Servo Choice – The Numbers Game
The discussion of what servo to use came down to math. Specifically:
- Control surface size (elevon):
- 500 mm × 50 mm = 25,000 mm²
- Rule of thumb torque requirement:
- ~0.1 kg·cm per 1,000 mm² at cruise speeds
- Calculation:
- 25,000 ÷ 1,000 × 0.1 = 2.5 kg·cm minimum
- Safety margin (×2):
- 2.5 × 2 = 5 kg·cm required
So we needed at least a standard 15–20 g servo with ~6–12 kg·cm torque.
We tested options like:
- TD-8325MG (~25 kg·cm at 6V, 0.14s/60°)
- RDS3225 (~25 kg·cm, budget but proven)
Both more than meet requirements, with extra margin for gusts and aggressive maneuvers. plus to keep the cost down they was already surplus!

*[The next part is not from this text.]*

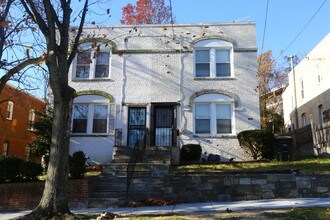 2809-2811 Buena Vista Ter SE in Washington, DC - Building Photo - Building Photo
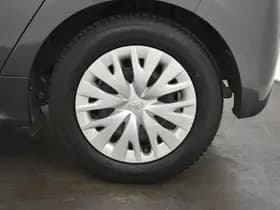 Toyota Yaris thumbnail 27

Wire Choice – Don’t Undersize the Lifeline
Servos don’t pull huge current, but voltage sag can kill performance.
- Typical current draw: 0.5–1 A average, up to 2–3 A in stalls.
- Two elevon servos = max ~6 A under abuse.
- Wire length = ~50 cm run per side.
We went with 22 AWG silicone wire:
- Handles up to 7 A comfortably.
- Flexible for routing through the 10 mm duct.
- Less voltage drop compared to 24/26 AWG.
This ensures no brown-outs when the servos actually need muscle.
The Payoff
By combining these upgrades, the X8 wings are now:
- Rigid (thanks to square carbon spars)
- Serviceable (10 mm duct + custom mounts)
- Reliable (servo torque matched to surface loads, with correct wiring)
It’s a level of engineering that not only keeps the wings strong but makes the entire plane future-proof. Because nothing ruins a build faster than realizing you can’t replace a $12 servo without destroying $200 worth of fiberglass and foam.